Radar Social sinalizou problemas e aproximou mais a população
O Projeto Radar Social, desenvolvido em Góis desde o dia 1 de abril de 2024, permitiu às duas técnicas no terreno identificar «204 sinalizações» até ao passado dia 30 de junho, tendo efetuado 186 encaminhamentos e detetado «três situações emergenciais». Este foi o resultado deste projeto, prorrogado até 31 de agosto e cuja sessão pública de encerramento teve lugar anteontem, no auditório da Casa da Cultura de Góis, intitulada, “Radar Social de Góis - Resultados, Impactos e Desafios”.
Em causa está um projeto implementado no concelho, no âmbito de uma candidatura ao PRR - Plano de Recuperação e Resiliência, que permitiu conhecer a realidade do território, identificando e intervindo em situações de vulnerabilidade social.

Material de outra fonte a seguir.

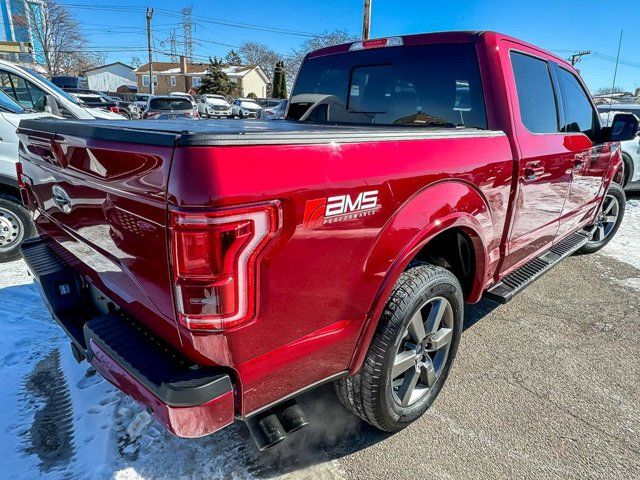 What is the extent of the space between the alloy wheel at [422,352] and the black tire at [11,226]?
4211 millimetres

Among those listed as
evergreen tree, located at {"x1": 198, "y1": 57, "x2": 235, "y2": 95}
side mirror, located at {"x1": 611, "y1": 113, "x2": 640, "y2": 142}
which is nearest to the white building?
evergreen tree, located at {"x1": 198, "y1": 57, "x2": 235, "y2": 95}

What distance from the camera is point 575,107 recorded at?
3787 millimetres

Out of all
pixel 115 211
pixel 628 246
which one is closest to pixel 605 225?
pixel 628 246

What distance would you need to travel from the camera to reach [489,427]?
2443 millimetres

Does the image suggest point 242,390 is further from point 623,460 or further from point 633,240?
point 633,240

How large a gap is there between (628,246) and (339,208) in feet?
19.4

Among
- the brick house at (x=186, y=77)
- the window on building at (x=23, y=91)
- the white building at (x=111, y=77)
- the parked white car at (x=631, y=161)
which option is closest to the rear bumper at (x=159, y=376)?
the window on building at (x=23, y=91)

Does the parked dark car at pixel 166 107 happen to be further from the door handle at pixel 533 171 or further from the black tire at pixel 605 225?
the door handle at pixel 533 171

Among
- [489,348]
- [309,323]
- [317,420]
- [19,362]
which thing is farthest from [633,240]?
[19,362]

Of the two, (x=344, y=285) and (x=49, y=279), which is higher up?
(x=344, y=285)

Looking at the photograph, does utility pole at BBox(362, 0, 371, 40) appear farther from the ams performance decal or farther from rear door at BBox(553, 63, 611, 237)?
the ams performance decal

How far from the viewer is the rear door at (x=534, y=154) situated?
273cm

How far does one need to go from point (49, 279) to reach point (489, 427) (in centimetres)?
249

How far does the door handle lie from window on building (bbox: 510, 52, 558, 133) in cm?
26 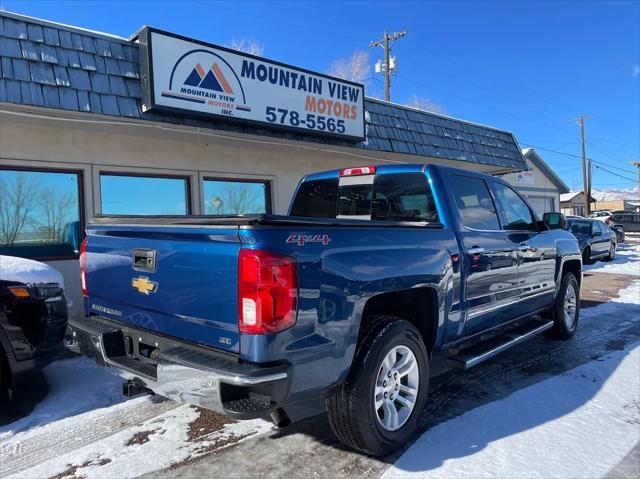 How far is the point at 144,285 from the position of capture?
3.04 metres

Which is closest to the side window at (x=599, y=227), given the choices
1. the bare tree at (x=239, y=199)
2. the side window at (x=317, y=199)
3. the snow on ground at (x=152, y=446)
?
the bare tree at (x=239, y=199)

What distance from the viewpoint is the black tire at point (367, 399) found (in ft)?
9.58

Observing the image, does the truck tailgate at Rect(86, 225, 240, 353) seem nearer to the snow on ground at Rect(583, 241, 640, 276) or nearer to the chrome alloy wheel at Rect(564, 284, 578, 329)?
the chrome alloy wheel at Rect(564, 284, 578, 329)

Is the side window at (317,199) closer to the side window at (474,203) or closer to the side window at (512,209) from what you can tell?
the side window at (474,203)

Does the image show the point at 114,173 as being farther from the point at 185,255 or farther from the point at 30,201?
the point at 185,255

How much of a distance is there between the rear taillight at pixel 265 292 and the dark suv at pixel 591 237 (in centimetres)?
1459

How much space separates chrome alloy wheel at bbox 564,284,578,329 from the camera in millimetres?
5945

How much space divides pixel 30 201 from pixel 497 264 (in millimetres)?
6135

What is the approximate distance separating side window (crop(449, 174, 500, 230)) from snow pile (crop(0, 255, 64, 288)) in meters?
3.60

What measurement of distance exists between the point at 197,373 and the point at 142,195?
19.3ft

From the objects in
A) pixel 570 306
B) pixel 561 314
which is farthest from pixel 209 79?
pixel 570 306

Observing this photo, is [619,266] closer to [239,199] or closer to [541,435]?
[239,199]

Coube a Célia Simões e Mónica Costa, as duas técnicas no terreno, apresentarem o trabalho desenvolvido, dando a conhecer que realizaram 644 questionários porta a porta, junto da população de 139 localidades das quatro freguesias do concelho, abrangendo 1.324 pessoas.
«Num concelho marcado pela baixa densidade populacional, pela dispersão geográfica e pelo envelhecimento da população, tornou-se essencial desenvolver uma metodologia de intervenção de proximidade, capaz de conhecer diretamente a realidade do território», referiu Célia Simões, informando que a principal vulnerabilidade que foi elencada pelos habitantes prende-se com a «insuficiência de rendimentos», seguindo-se «a doença de natureza psíquica, dependentes/acamados, más condições habitacionais, solidão/isolamento», entre outras.
No topo das vulnerabilidade elencadas pela população está a falta de rendimentos
O presidente da Câmara de Góis, Rui Sampaio, salientou a «importância deste projeto para o território e os frutos que deu, pelas ações implementadas». «Foi um projeto bem-sucedido, que tinha toda a pertinência de ser efetuado no concelho de Góis», garantiu, lembrando que Góis tem «uma população envelhecida e muitas aldeias dispersas e com poucas pessoas». «Era importante irmos junto das pessoas e vermos o que é, de facto, a realidade social de quem vive no nosso concelho», defendeu.
«Apesar do trabalho que é feito pelas técnicas de ação social da Câmara e da ligação que existe com as IPSS era importante apercebermo-nos, conversando com as pessoas e ir onde moram, da realidade que as rodeia não só para intervirmos, mas também em conjugação com os nossos parceiros e as IPSS, que são os grandes parceiros da ação social do município», sublinhou o presidente da Câmara Municipal de Góis, evidenciando que o que se pretendeu foi «adotar as melhores práticas, para melhorar a vida das pessoas».
Maria Emília Borges, do Centro Distrital de Coimbra do Instituto de Segurança Social, saudou o trabalho desenvolvido em Góis no âmbito do projeto e lembrou que muitos dos seniores que vivem isolados «o que mais precisam é ter alguém para conversar». E por isso felicitou também Célia Simões e Mónica Costa «pelo excelente trabalho que fizeram» neste acompanhamento.